1. Introduction

In this tutorial, we’ll explain the difference between the cost, loss, and objective functions in machine learning. However, we should note that there’s no consensus on the exact definitions and that the three terms are often used as synonyms.

2. Loss Functions

The loss function quantifies how much a model \boldsymbol{f}‘s prediction \boldsymbol{\hat{y} \equiv f(\mathbf{x})} deviates from the ground truth \boldsymbol{y \equiv y(\mathbf{x})} for one particular object \mathbf{x}. So, when we calculate loss, we do it for a single object in the training or test sets.

There are many different loss functions we can choose from, and each has its advantages and shortcomings. In general, any distance metric defined over the space of target values can act as a loss function.

2.1. Example: the Square and Absolute Losses in Regression

Very often, we use the square(d) error as the loss function in regression problems:

    \[L_{square} \left( \hat{y}, y \right) = \left( \hat{y} - y \right)^2\]

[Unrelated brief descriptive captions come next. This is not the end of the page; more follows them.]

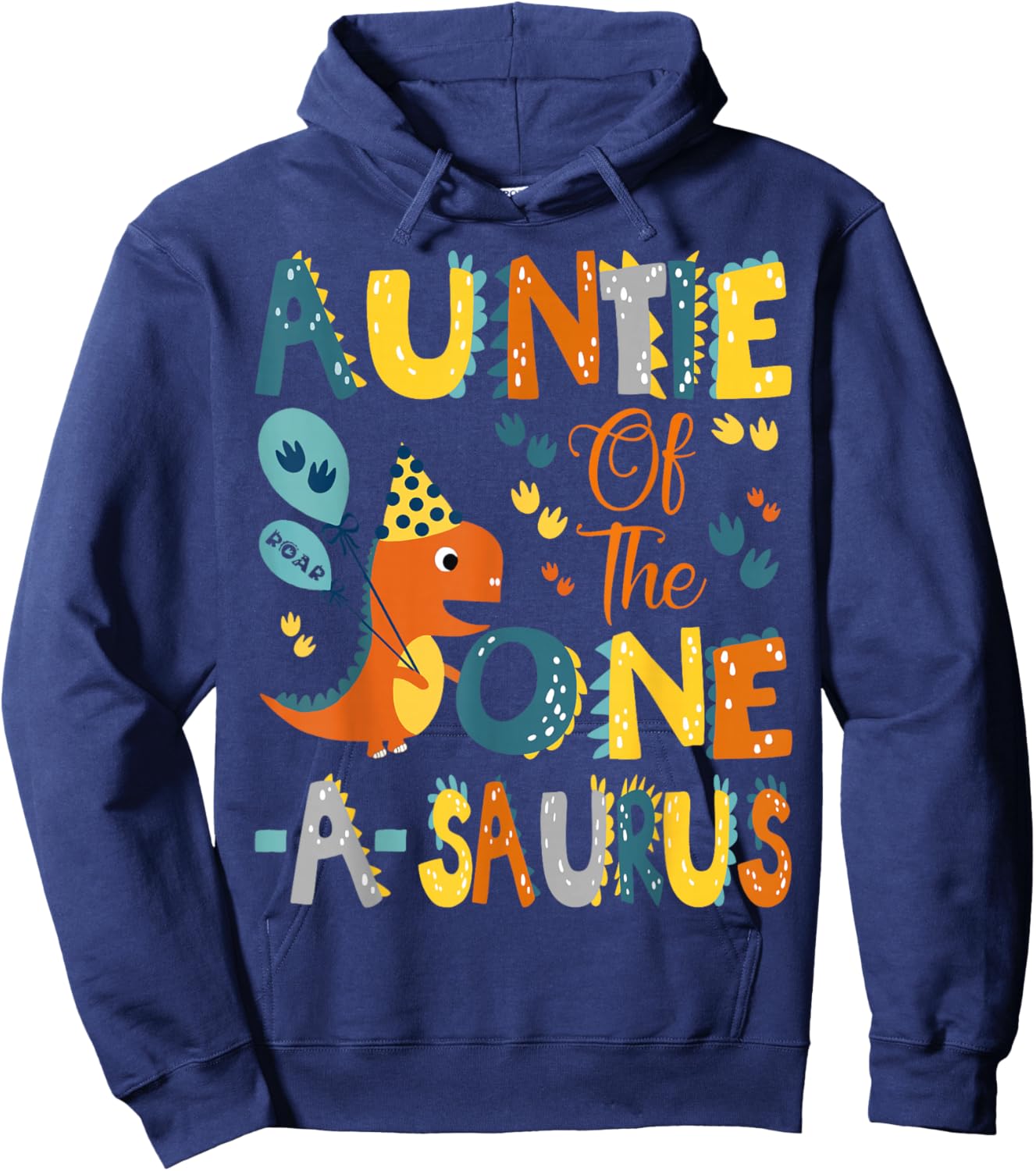 Dinosaur T-Rex 1St Birthday Matching Family Auntie Of The One-A-Saurus 1St Birthday Dinosaur Party -Kids Black Small Classic Fit Modern U-Neck Short Sleeve Hoodie - Hoodie | Navy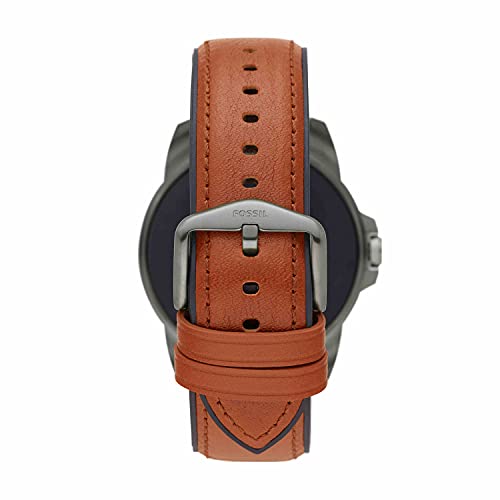 Fossil 44Mm Gen 5E Stainless Steel And Leather Touchscreen Smart Watch, Color: Smoke, Brown (Model: Ftw4055V) #TOP2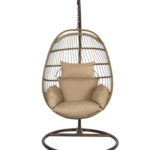 Sillón colgante de ratán sintético con base y cojines 92x66x119 cm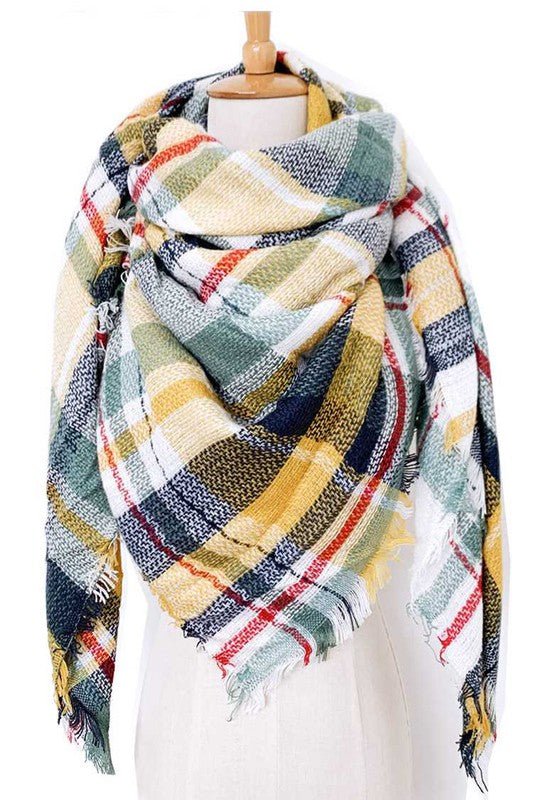 Mad For Plaid Large Fringe Blanket Scarf - Singing Wind Market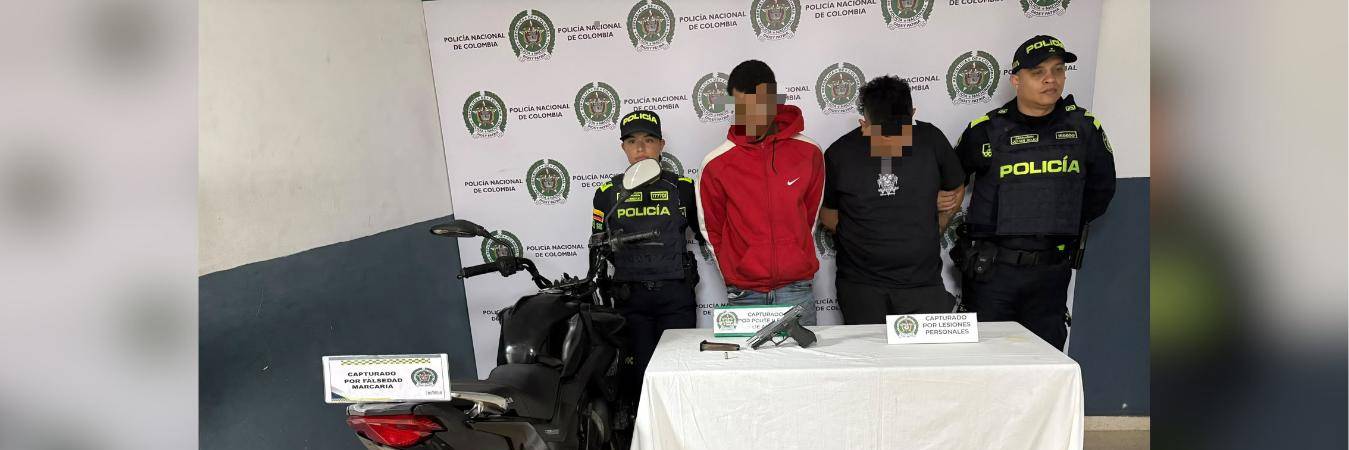 Capturados por el delito de lesiones personales. FOTO: CORTESÍA POLICÍA METROPOLITANA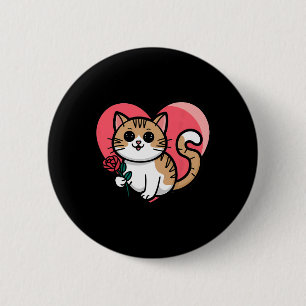 Rainbow Cat Hugging Heart Cute Valentine Graphic D 6 Cm Round Badge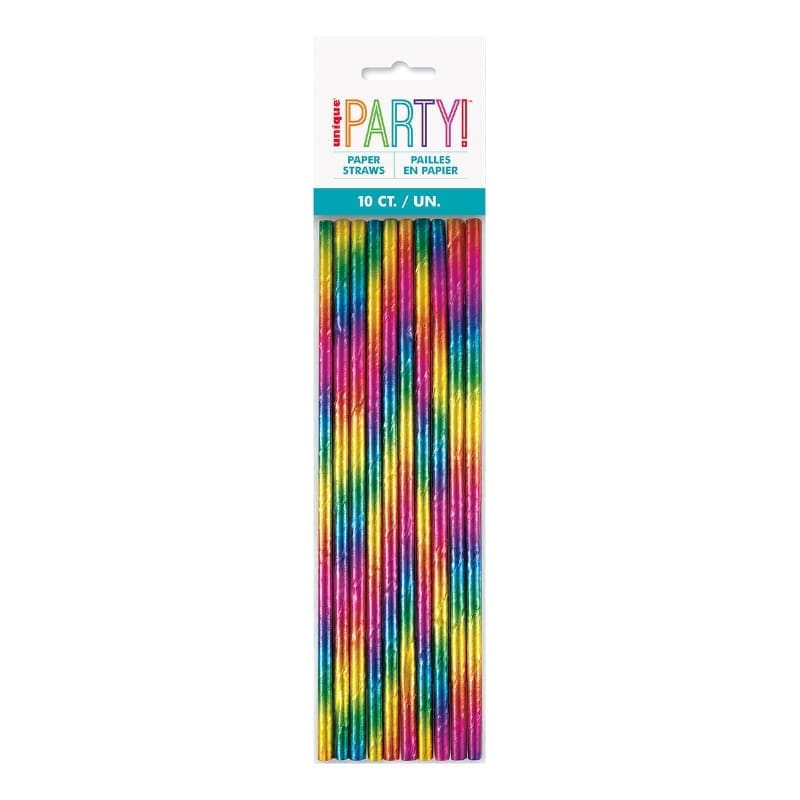 Straws Paper Foil Rainbow Pk10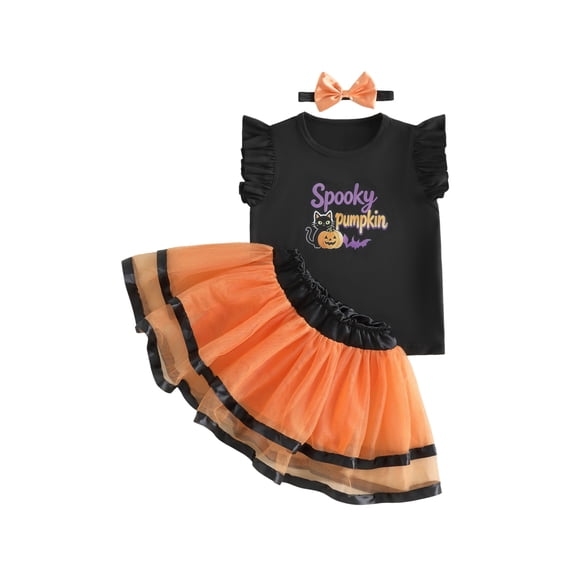 Cjfdfy Toddler Baby Girls Halloween Outfit Spooky Pumpkin Flying Sleeve Black Ruffle Top With Tulle Skirt Headband Cute Witch Cat Costume Cute Halloween Holiday Clothes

For instance, let’s say that our model predicts a flat’s price (in thousands of dollars) based on the number of rooms, area (m^2), floor, and the neighborhood in the city (A or B). Let’s suppose that its prediction for \mathbf{x} = \begin{bmatrix} 4, 70, 1, A \end{bmatrix} is USD 110k. If the actual selling price is USD 105k, then the square loss is:

    \[L_{square}(110, 105) = (110-105)^2=5^2=25\]

Another loss function we often use for regression is the absolute loss:

    \[L_{abs} \left( \hat{y}, y \right) = | \hat{y} - y  |\]

In our example with apartment prices, its value will be:

    \[L_{abs} \left( 110, 105 \right) = | 110 - 105 | = |5| = 5\]

Choosing the loss function isn’t an easy task. Through cost, loss plays a critical role in fitting a model.

3. Cost Functions

The term cost is often used as synonymous with loss. However, some authors make a clear difference between the two. For them, the cost function measures the model’s error on a group of objects, whereas the loss function deals with a single data instance.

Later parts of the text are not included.